Segment adjusted EBITDA margin of 12.2% decreased 260 basis points for the full year versus fiscal 2022 primarily due to volume deleverage and higher discounts and allowances partially offset by successful cost reduction initiatives and favorable warranty experience. Turning to our Motorhome RV segment. Revenues were $317.7 million for the fourth quarter, down 42.8% from the prior year, driven by lower unit sales associated with retail market conditions and higher discounts and allowances compared to prior year, partially offset by price increases related to higher chassis costs.

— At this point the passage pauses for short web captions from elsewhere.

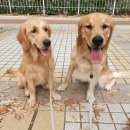 강아지천국 이미지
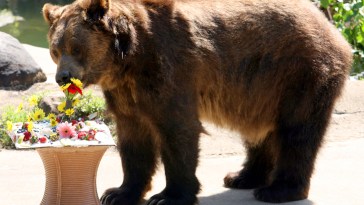 BRONX ZOO GRIZZLY BEAR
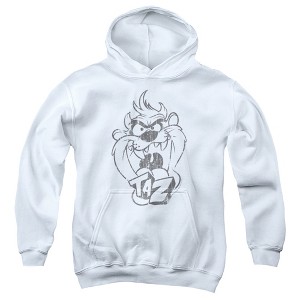 Boys’ Looney Tunes Faded Taz Hooded Sweatshirt - 1 of 4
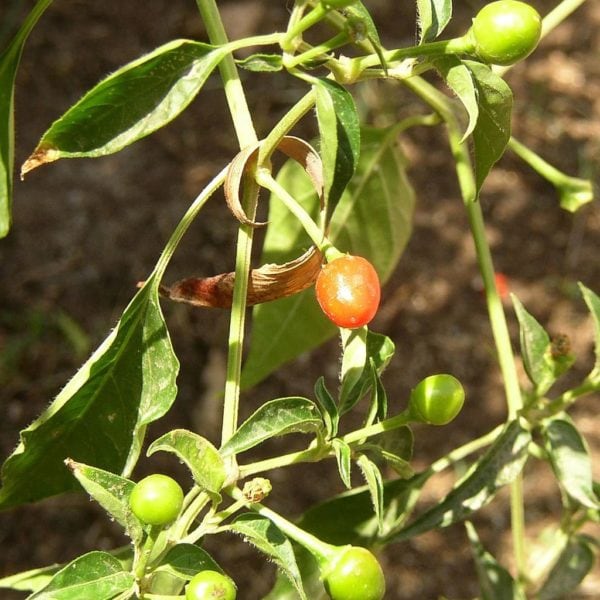 Chiltepin (Tepin, Bird's Eye, Bird Pepper) | Cayenne Diane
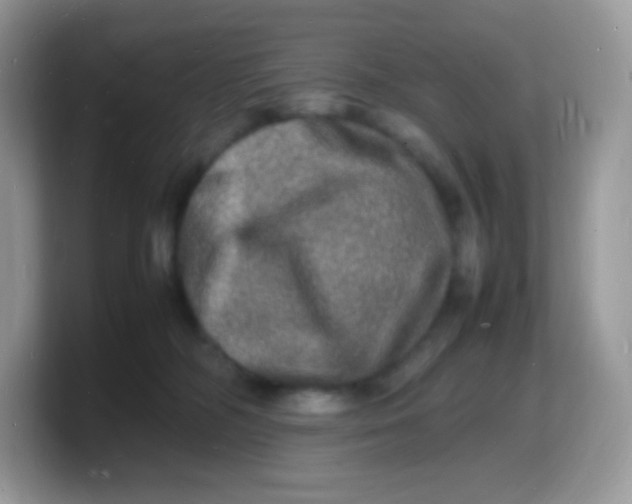 X0000103250326200809181610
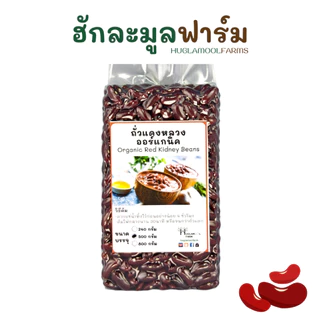 ออร์แกนิคมีใบ ถั่วแดง ขนาด 500 กรัม ตราฮักละมูลฟาร์ม RED KIDNEY BEAN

As a reminder, our motorhome dealer inventory was notably below desired levels throughout the selling season in the spring and summer of 2022. And as a result, there was an intentional build of dealer inventory in the prior year’s Q4 and therefore, a tough comp this year.

Also in the current year Q4, we experienced a cautious dealer network that was hesitant to place orders given soft and unpredictable retail demand. And we responded by allowing dealer inventory to ease during the quarter as retail for our product outpaced wholesale shipments. Of note and as mentioned during our Q3 earnings call, we experienced some challenges in the implementation of the latest phase of our ERP platform in the Winnebago-branded motorhome business. While the system is functioning as designed, we continue to experience business process adoption and change management challenges during the fourth quarter and used the softer dealer demand environment to continue to constrain production throughput and make the necessary business process improvements to stabilize the environment.

This also reduced shipments into the dealer network compared to what we otherwise could have executed. Our continuous improvement initiatives related to the system implementation continue to this day and our management of capacity and shipments are being thoughtfully metered in the context of a soft retail environment and a hesitant dealer network as we head into calendar Q4, the slow season of RV retail demand. As a result of these actions, our dealer inventory in the motorhome segment as of the end of our fiscal year reflected in retail turns are largely in line with what we are targeting. We anticipate a cautious dealer network prevailing until retail stability materializes and the 2024 selling season demonstrates a more concrete inventory requirement.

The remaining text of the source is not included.